Niambi ak ndiebe with fried whole fish, top, and lamb dibi, bottom, from Kabba's Kitchen

The rich, floral smell of grilled lamb, the sweet fragrance of caramelized onions, and the sharp scent of mustard wafts out of the Kabba’s Kitchen cart. Three patio tables invite you to sit down and enjoy the smells while you wait for your food. This is a cart that, ideally, you want to give plenty of time to—for the food to be made to order, to sit down and enjoy while the textures are at their peak crispiness.

For newcomers to Kabba’s like me, the best way to approach it is with a friend so you can try twice as many things. After all, Senegalese and Gambian food aren’t exactly common in Portland’s food scene, so at some point, you’ll want to explore the whole menu.

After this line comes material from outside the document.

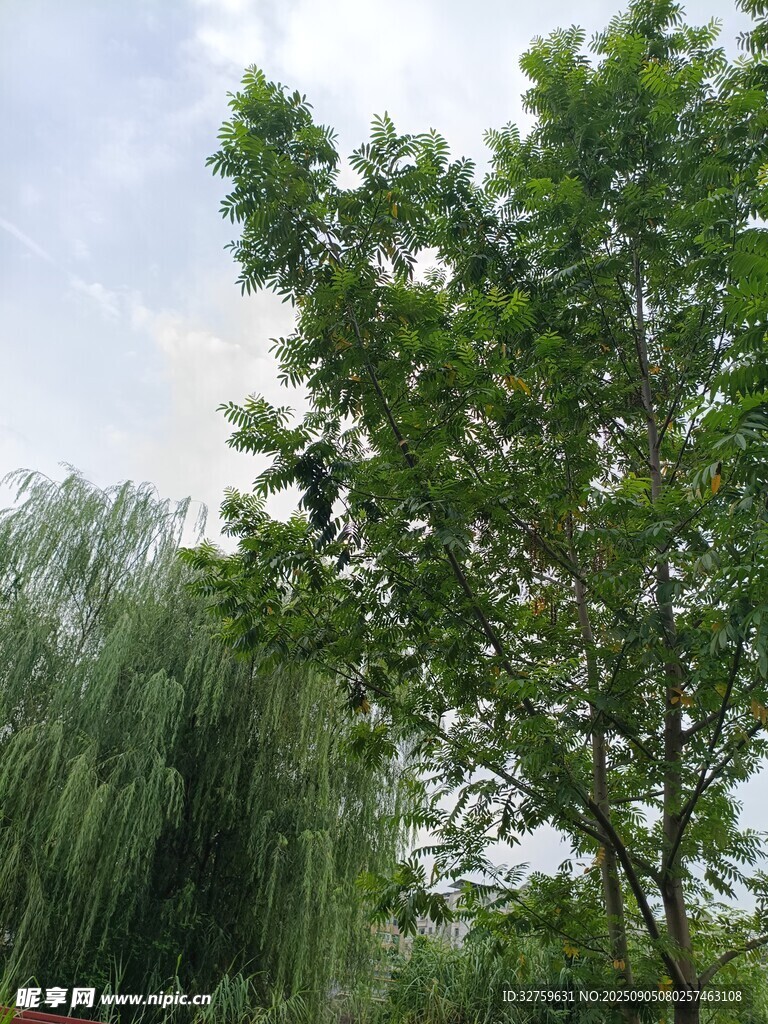 綠樹成蔭的自然景致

The dibi—your choice of grilled chicken or lamb with onions in a mustard sauce—is an excellent place to start, with tender, juicy lamb ready to tear from the bone. It makes you wonder why lamb is often paired with mint—the acidic mustard is a natural pairing for the fatty lamb. It comes with crisp fries, which soak up the lamb-onion juices, and a bright, vinegary salad that lightens up the meal.

I’d tried dibi before, but the new dish for me was the niambi ak ndiebe—black-eyed peas with fried cassava and tomato sauce. It’s well worth it to add the fried whole fish for (only!) $7, so extraordinarily crunchy that you can eat the fins and even some of the bones, while the flesh is succulent and juicy. The chewy-crunchy fried cassava soaks up the sweet, oniony tomato sauce, giving it that prized crispy-soggy texture, while the black-eyed peas are wonderfully al dente. It’s an exciting journey through flavor and texture.

Wash it all down with bissap (hibiscus) juice, don’t forget to ask for a side of that vinegary hot sauce, and come back to try another dish.